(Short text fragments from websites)
-.-.-

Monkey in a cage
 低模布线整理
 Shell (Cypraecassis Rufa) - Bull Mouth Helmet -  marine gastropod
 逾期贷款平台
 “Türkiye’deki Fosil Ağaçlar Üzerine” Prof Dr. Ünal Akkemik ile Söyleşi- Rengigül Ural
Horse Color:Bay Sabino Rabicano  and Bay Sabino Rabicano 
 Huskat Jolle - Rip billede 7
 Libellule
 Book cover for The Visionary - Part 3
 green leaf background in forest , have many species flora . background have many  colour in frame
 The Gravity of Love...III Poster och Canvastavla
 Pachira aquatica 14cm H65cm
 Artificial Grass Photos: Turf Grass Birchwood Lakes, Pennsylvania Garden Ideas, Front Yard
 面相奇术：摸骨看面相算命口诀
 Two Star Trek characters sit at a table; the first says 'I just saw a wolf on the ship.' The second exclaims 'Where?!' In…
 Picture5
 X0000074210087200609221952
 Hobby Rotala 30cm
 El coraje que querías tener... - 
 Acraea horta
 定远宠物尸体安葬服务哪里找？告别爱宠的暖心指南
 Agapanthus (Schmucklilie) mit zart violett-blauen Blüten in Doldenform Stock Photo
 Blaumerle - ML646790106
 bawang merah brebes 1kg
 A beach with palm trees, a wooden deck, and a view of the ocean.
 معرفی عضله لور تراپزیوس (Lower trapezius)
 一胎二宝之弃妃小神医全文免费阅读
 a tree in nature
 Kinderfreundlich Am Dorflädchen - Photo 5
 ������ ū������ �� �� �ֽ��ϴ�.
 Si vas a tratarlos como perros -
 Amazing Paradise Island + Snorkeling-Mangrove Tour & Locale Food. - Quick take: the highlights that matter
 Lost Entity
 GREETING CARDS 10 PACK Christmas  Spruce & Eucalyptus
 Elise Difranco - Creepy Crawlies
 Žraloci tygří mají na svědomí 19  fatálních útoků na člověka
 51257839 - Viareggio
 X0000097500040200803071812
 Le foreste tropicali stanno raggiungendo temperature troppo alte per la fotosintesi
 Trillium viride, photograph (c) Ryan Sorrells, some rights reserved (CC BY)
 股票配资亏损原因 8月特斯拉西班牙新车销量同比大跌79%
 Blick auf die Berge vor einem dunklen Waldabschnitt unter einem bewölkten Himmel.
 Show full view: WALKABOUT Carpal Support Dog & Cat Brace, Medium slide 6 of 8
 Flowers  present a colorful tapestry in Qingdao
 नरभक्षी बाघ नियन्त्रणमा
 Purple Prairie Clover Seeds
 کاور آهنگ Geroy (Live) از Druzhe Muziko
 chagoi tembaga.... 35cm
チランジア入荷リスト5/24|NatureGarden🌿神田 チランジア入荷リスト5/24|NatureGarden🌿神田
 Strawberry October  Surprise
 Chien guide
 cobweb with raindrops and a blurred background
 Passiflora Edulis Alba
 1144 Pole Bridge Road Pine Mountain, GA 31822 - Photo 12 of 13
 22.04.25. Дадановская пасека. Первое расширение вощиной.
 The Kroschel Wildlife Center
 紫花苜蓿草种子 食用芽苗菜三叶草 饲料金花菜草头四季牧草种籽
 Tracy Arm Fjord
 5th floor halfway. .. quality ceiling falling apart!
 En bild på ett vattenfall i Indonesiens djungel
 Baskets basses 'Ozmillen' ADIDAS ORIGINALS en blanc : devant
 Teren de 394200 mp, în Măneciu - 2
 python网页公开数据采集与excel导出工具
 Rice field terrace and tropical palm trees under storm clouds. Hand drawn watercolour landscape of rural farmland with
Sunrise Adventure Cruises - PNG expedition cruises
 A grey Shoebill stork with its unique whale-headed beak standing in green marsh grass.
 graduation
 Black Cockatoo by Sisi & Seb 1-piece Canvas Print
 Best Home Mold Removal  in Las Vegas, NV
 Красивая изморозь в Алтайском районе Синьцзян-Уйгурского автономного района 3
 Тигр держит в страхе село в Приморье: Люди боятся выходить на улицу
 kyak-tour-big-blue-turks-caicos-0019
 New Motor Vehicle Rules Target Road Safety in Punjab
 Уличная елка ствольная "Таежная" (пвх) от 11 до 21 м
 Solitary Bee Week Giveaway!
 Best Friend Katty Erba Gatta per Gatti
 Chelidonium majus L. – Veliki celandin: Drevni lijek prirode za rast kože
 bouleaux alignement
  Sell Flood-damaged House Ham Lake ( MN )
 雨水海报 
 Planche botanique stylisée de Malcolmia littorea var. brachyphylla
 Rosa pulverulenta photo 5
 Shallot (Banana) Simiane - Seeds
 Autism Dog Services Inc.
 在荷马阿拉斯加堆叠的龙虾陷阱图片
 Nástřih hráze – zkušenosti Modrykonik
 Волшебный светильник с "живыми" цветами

-.-.-

Your answer should be the exact lines above from the one with "一胎二宝之弃妃小神医全文免费阅读" through the one with "Lost Entity", both included, and nothing besides.

 一胎二宝之弃妃小神医全文免费阅读
 a tree in nature
 Kinderfreundlich Am Dorflädchen - Photo 5
 ������ ū������ �� �� �ֽ��ϴ�.
 Si vas a tratarlos como perros -
 Amazing Paradise Island + Snorkeling-Mangrove Tour & Locale Food. - Quick take: the highlights that matter
 Lost Entity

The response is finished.